Our client is a world leader in security solutions. They offer a wide range of solutions to numerous sectors and customer segments, from small businesses to large industrial complexes.

One of its most prominent services is the Operations Centre, also known as SOC, which aims to provide cutting-edge and differentiating solutions through the use of the most innovative technologies and continuous monitoring of its customers.
 

Challenge

The SOC managed by our customer is responsible for receiving and managing the fault notifications in the monitoring devices they have installed. Within the notification management process, there is an operator who decides where to send the notification.

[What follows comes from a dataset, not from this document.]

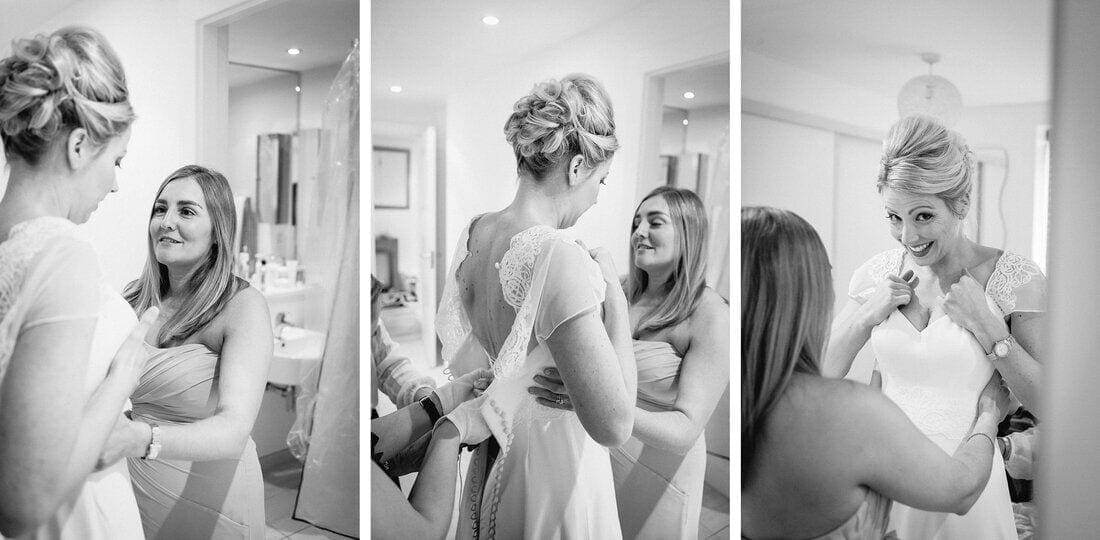 putting on the wedding dress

This notification can be sent to a room technician who tries to solve the problem remotely, or to a field technician who solves the problem by physically moving to the location of the damaged device.

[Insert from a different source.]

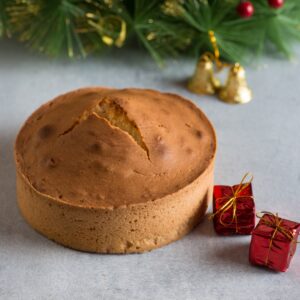 A Happy Christmas Classic Sponge Tea cake 1 kg displayed on a festive table, showcasing its inviting texture and simplicity, perfect for holiday enjoyment.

The fact that a SOC operator makes an incorrect dispatch decision comes at a cost to our client. An example of a wrong decision could be the case of dispatching a field technician when the fault could be resolved remotely.

Solution

ANALYSIS OF INFORMATION AND DATA SOURCES

Of the three data sources originally received, we concluded that only one would be relevant, which is the information available to the operator at the time of decision making. This matter allowed us to simplify both the data collection and the generation of the model itself.

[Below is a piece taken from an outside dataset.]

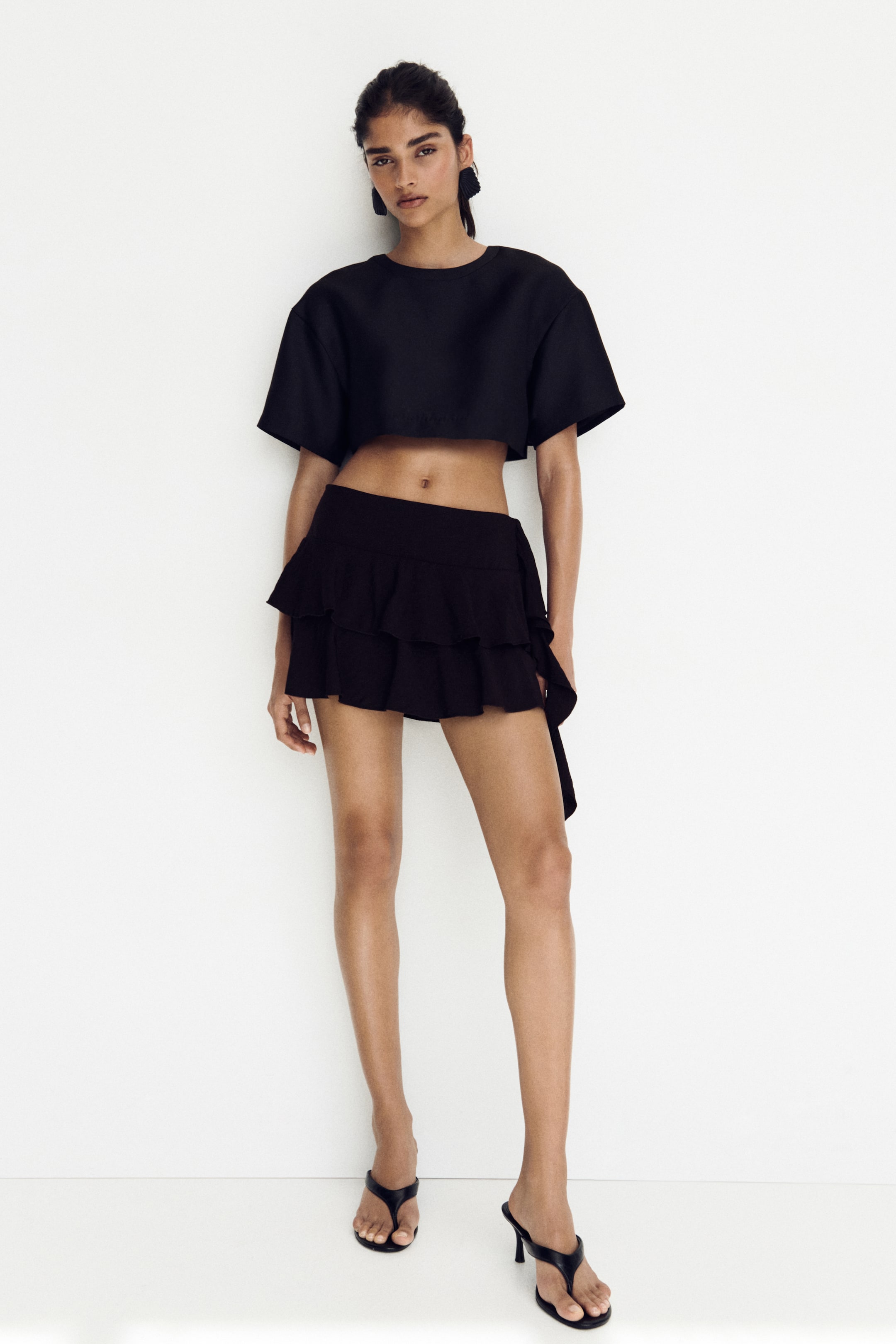 View larger image: A black short-sleeved cropped top features a wide, boxy cut with a crew neck and an elasticized hem, paired with a black ruffled mini skirt showcasing two tiers of ruffles and a wrap-style tie detail.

During the analysis, some variables were identified as having very high percentages of null values, which allowed us to initiate processes to refine and improve the data collection for these variables.
On the other hand, the data analysis led us to suspect that there might be mislabelling in some cases as field or room incidents, which hindered the subsequent learning process.

DETAILED ANALYSIS OF THE DATA COLLECTED

The "top 10" list of installations, panels and locations that have generated the most technical incidents. In the case of installations and locations, no relevant or representative patterns were found. Although we saw that the set of incidents of the 10 panels for which we have the most technical incidents represents more than 50% of the total number of incidents. In other words, more than half of them were concentrated in just 10 panels, if, in the first iteration, we had around 7,500 incidents. It might make sense to study and analyze this subset in more detail and try to generate a model that focuses only on these 10 panels (and, therefore, it is valid only for them). In the end, this was the solution. 

PREDICTIVE MODEL

We worked to improve the predictive model by restricting the individual variables available at the time of the operator's decision.
After several iterations testing different datasets, variable sets and different learning methods we found that the result we get with the current data is around 66% reliability.
However, looking at the results obtained in the descriptive analysis, we opted to work with the "top 10" subset of panels discussed above to get more reliable models.
 

Results

In order to provide field operators with a solution that will help them in their decision-making process, we created an interface in which the operator first enters the data of an incident and immediately receives a prediction on the evaluated incident with an associated reliability percentage.

Before starting the incident evaluation system, the operator decided that approximately 50% of the incidents could be resolved in the room (remotely) and the other 50% by physically bringing a technician to the incident place. In this regard, the number of incorrectly dispatched incidents was approximately 30%. 

Once the system we proposed was set up, the operator started to follow his criteria when selecting where to send an incident. The result was that the number of incidents sent incorrectly had been reduced to 10%. This implied a cost-saving for our client.